Swedish artist Nina Canell has explained that sculpture is ‘an encounter,’ meaning that the atmosphere created by a piece and its materials will drive interest.  In the artist’s first solo show at 303 Gallery in Chelsea, unusual works involving fossils and conveyors achieve this goal, prompting curiosity via strange juxtapositions.  In this piece titled ‘Mother of Dust,’ a moving conveyor belt dominates the gallery; positioned just above the belt, a broom pushes along a handful of pearls.  As large as the sculpture is, the interest is in the point at which broom and pearls meet and the constantly moving, changing pattern of pearls generated by the device.  Canell’s interest is in geology, time and the interventions of humans in nature; although humans are absent here, their presence is indicated by the broom’s work – a process that has been set in motion and left to play out as it will.  (On view through Oct 28th).

Nina Canell, Mother of Dust, pearls, broom, modified conveyor belt, 280 x 35 x 23 inches, 2023.

Kelly Akashi at Tanya Bonakdar Gallery

Kelly Akashi’s poetic assemblages of sculpture in glass, stone, bronze and rammed earth at Tanya Bonakdar Gallery heighten awareness of her materials and processes while juxtaposing human concepts of time with comparatively vast measures of time on earth and in the universe. Here, the glass sphere titled ‘Cosmic Axis,’ brings to mind the axis around which the earth rotates while also alluding to the connection between heavenly and terrestrial realms.  Surrounded by photos of distant nebula taken by telescopes, the sculpture feels especially present in the space of the gallery, its delicacy contrasted by a large concrete pedestal and enhanced by cherry blossoms on top that extend into the space of the sphere. (On view in Chelsea through June 10th).

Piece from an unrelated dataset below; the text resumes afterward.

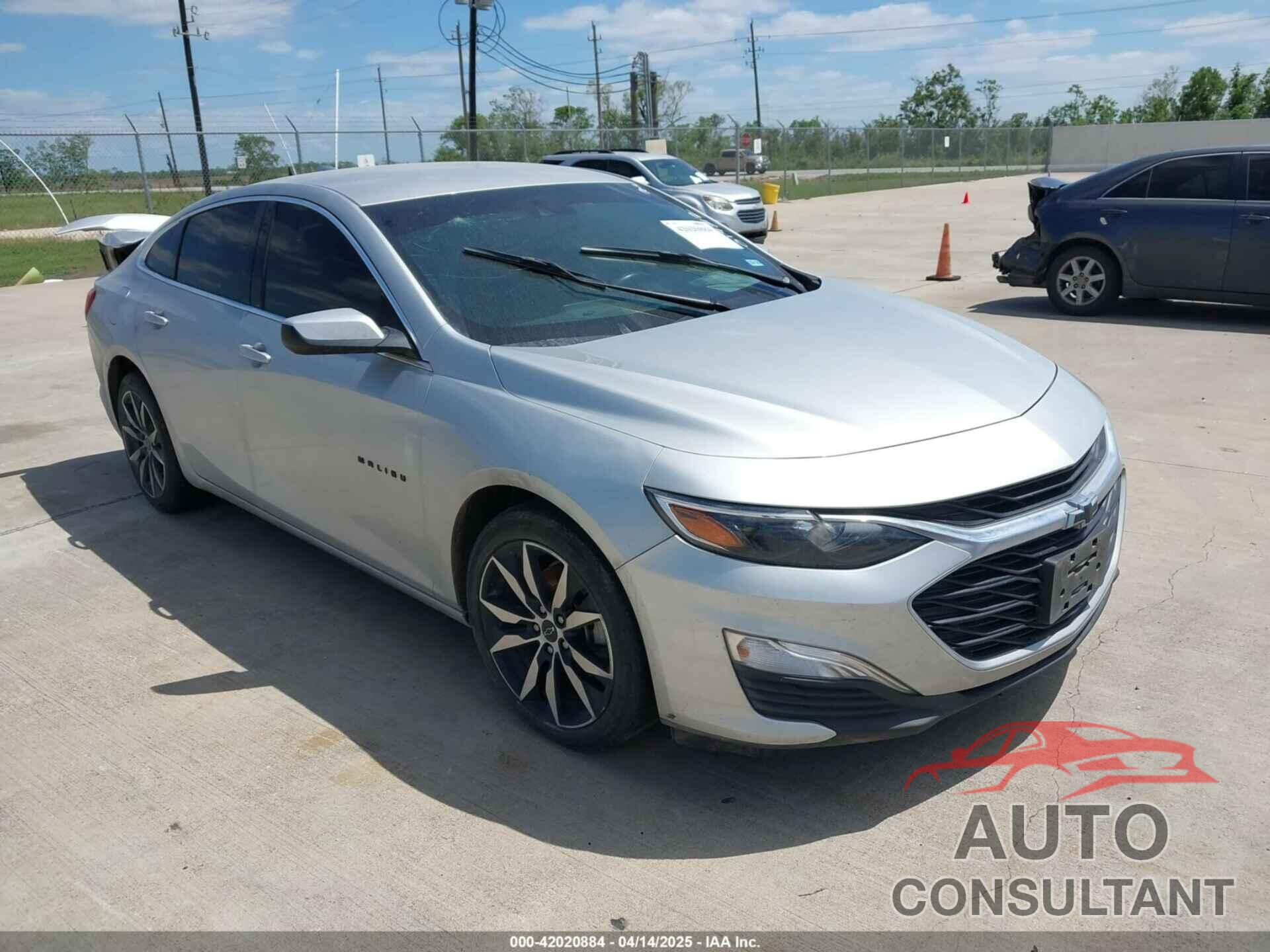 CHEVROLET MALIBU 2021 - 1G1ZG5ST6MF014312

Kelly Akashi, Cosmic Axis, Flame-worked borosilicate on rotating cast concrete pedestal, 77 x 22 x 22 inches, 2022-23.

Cecily Brown at The Metropolitan Museum of Art

Cecily Brown’s energetic brushwork comes to a boil at the center of her 2006-08 painting, Memento Mori I, a highlight of her current retrospective at The Metropolitan Museum of Art.   The museum identifies the roiling mass of white, blue and pinkish tones in the foreground as a tablecloth and place settings being yanked from the table, a reference to an English poem meant to instruct young people not to tip their chairs back.  Elsewhere, a female nude dances with death (inspired by an Edvard Munch print), a tabletop still life proffers an enormous, blood red lobster claw and the heads of two children are positioned to form a skull.  Such reminders of mortality and offers of moral instruction recall highlights from the Met’s historic European painting collections, suggesting the themes’ the continued resonance.  (On view on the Upper East Side through Dec 3rd).

Cecily Brown, Memento Mori I, oil on linen, 2006-08.

Tony Cragg at Lisson Gallery

Protesters and police clash in a blaze of color in British sculptor Tony Cragg’s 1987 piece ‘Riot’ a sculptural installation running the length of one of Lisson Gallery’s Chelsea spaces.  Forty years ago, Cragg made a name for himself with artworks and installations composed of found plastic elements, a material that lacked the associations carried by more traditional media like bronze, marble or wood.  Inspired by social unrest in ‘80s Britain, Cragg employs a modern material, fragmented and formerly discarded, to illustrate conflict between citizen and state. (On view in Chelsea through April 15th).

Tony Cragg, detail of installation of Riot, 1987 at Lisson Gallery in Chelsea, March ’23.